En ouvrant la lourde porte de son paradis sur terre, la sacristine de l'église d'Echillais venait en fait de plonger en enfer. Un enfer souillé de mégots et de traces de pneus de scooters, faisant de cette nef moyenâgeuse un véritable circuit de motocross.
Plus loin, Juliette Baudouin réalisera que le bénitier avait été jeté hors du monument, avant enfin de découvrir l'harmonium brisé et amputé de ses touches, mais surtout le christ en croix du XVIIe siècle gisant au milieu du chœur, littéralement démantibulé.
« Regardez en l'air, il ne reste plus que ses bras accrochés à une corde. C'est monstrueux ce qu'ils ont fait », répète sans cesse depuis cette grand-mère de 80 ans que tout le monde ici surnomme
« Juju ».
Motocross dans la nef
Les larmes aux yeux lui aussi, le premier adjoint de la commune, Michel Gaillot, souffrait d'ailleurs hier pour elle autant que pour son église, l'une des plus belles et des plus fréquentées de la Saintonge romane.
« Qu'il neige ou qu'il vente, Juju continue tous les jours de faire deux allers-retours à pied depuis chez elle pour s'occuper des lieux.
Nous avons calculé que cela représentait chaque année la distance entre Rome et Echillais. Je ne suis pas un pratiquant assidu, mais est-ce que ceux qui ont sauvagement profané le lieu le plus symbolique de notre village ont pensé à elle ? »
S'il faut bien avouer que les détails de cette triste scène laissent davantage imaginer un concours d'imbécillités que l'œuvre préméditée d'un groupuscule sataniste, les gendarmes ont tout de même passé l'église au peigne fin, à la recherche d'indices ou d'empreintes laissés par les vandales.
« Les faits se sont déroulés dimanche après-midi, à un moment où le bistrot est fermé et les alentours totalement déserts, il n'y a donc pas de témoin », explique l'un d'entre eux.

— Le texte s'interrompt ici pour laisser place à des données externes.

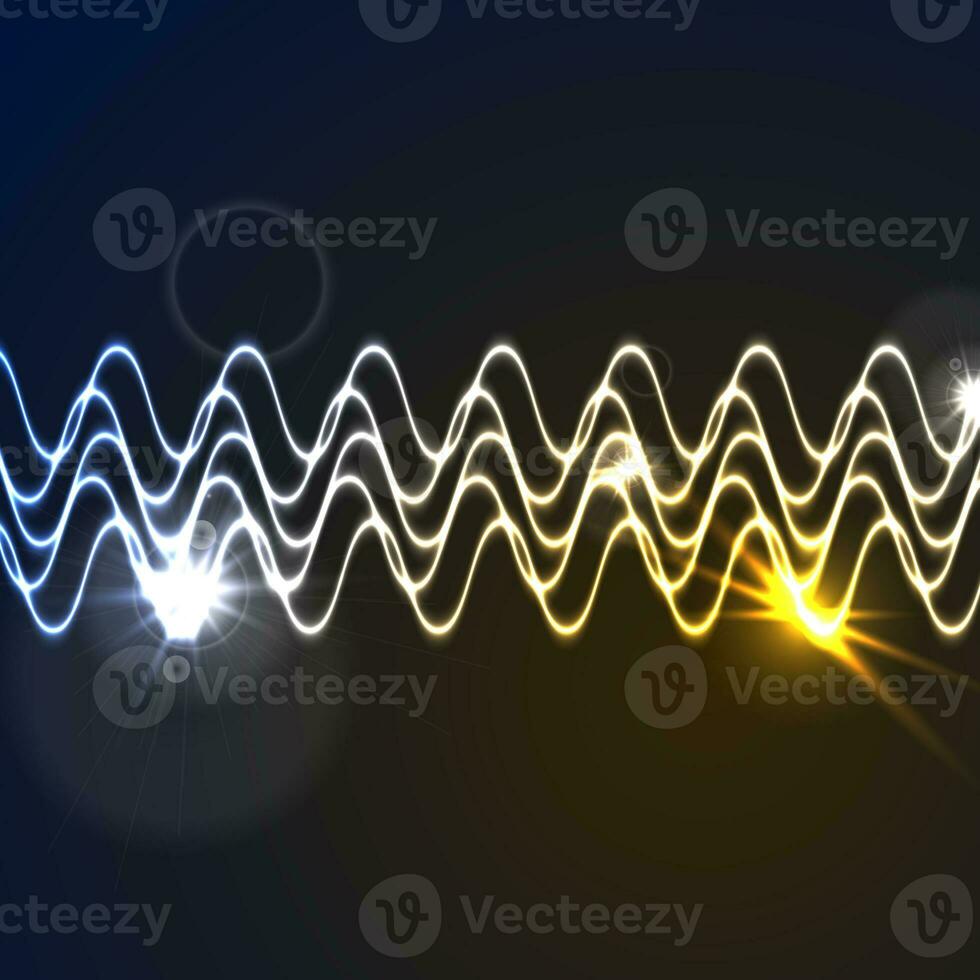 Glowing neon abstract waveform background photo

Et tandis que le curé de la paroisse déposait plainte au nom de l'évêché auprès de la brigade voisine, déjà des voix impatientes s'élevaient à l'ombre du clocher du XIIe siècle pour dénoncer le climat d'incivilité dans lequel serait plongé le vieux bourg d'Echillais depuis quelques mois.
« Ça commence à bien faire, tout le monde ici devine qui sont les coupables, des gamins du village que nous avons vu grandir et sombrer dans la bêtise », expliquait-on notamment au comptoir de la Table du grand goule. Un soupçon que redoute et reconnaît à demi-mot Michel Gaillot.
« Ce serait encore pire d'apprendre que des enfants de chez nous sont responsables de ça, mais nous avons en effet ici quelques garnements qui nous cassent l'ambiance. »
Pour autant, refusant de capituler devant le spectre d'une récidive, Juju et l'adjoint au maire ont promis hier que l'église ne serait jamais fermée à clef.